People are becoming more aware not only of the security issues related to social media but also the business models that sustain the providers of these networks. As a result, there is a growing appreciation for just how easily personal data can be misappropriated.
Simple example: On Jan. 10, 2012, Google began adding “posts, photos, conversations and profiles from its Google+ social network to search results, a feature it calls Search Plus Your World,” according to a report in The New York Times. Upgrading your Google account with a Facebook-like feature called Google+ enables people who search topics or people to also gain access to related Google+ entries and discover behavior and location information from other Google+ entries, either public, such as performer Mariah Carey, or private, such as some guy inside a Google+ user's circle who likes the new Coldplay album.
Google is under fire over for this feature by the Electronic Privacy Information Center, which sent a complaint to the FCC for violation of privacy just two days after Google integrated its search with Google+.
Only recently has Google been able to bring up results from Facebook.
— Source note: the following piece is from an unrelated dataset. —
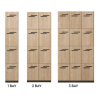 Lockers 4 Door HUGE CHOICE OF COLOURS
But Google search can only display public pages that let you “Like” the page, not personal Facebook pages that show a Facebook user's age, location or behavior, or that let you request being “Friended” into a Facebook circle. You have to log into Facebook to do that, because as a private company Facebook locks down its servers from Google web crawlers.
However, all this information in Google can be scoured by ad agencies and marketers and even phishing scammers for potential profit. But the bigger threat is the direct sale of information from Google and Facebook to third-party agencies, which, in turn, resell it, and this chain of data movement becomes less secure with each transaction. Facebook has been selling personal data for some time now, either inadvertently through third-party applications that allow interfacing with Facebook via smartphones, or directly from its database of 750 million users. As a private company, Facebook is immune from giving anyone the details.
A big buyer of Facebook and Google user information is Stratfor Global Intelligence, which resells that data to banks, collection agencies, facial recognition companies, Doctors Without Borders, and even the U.S. Department of Defense. Stratfor got hacked in the last week of December 2011 by a hacker group called Anonymous, which stole 90,000 credit card numbers and passwords and home addresses of 4,000 people.
A source who met with a French Security company at the CNIT Paris la Défense conference in 2011 said the security company saw this coming. It knew it would be targeted because it purchases personal information and photographs from Google and Facebook, at a high price, to resell it.
But every time that data changes hands, just remember how much more vulnerable it becomes.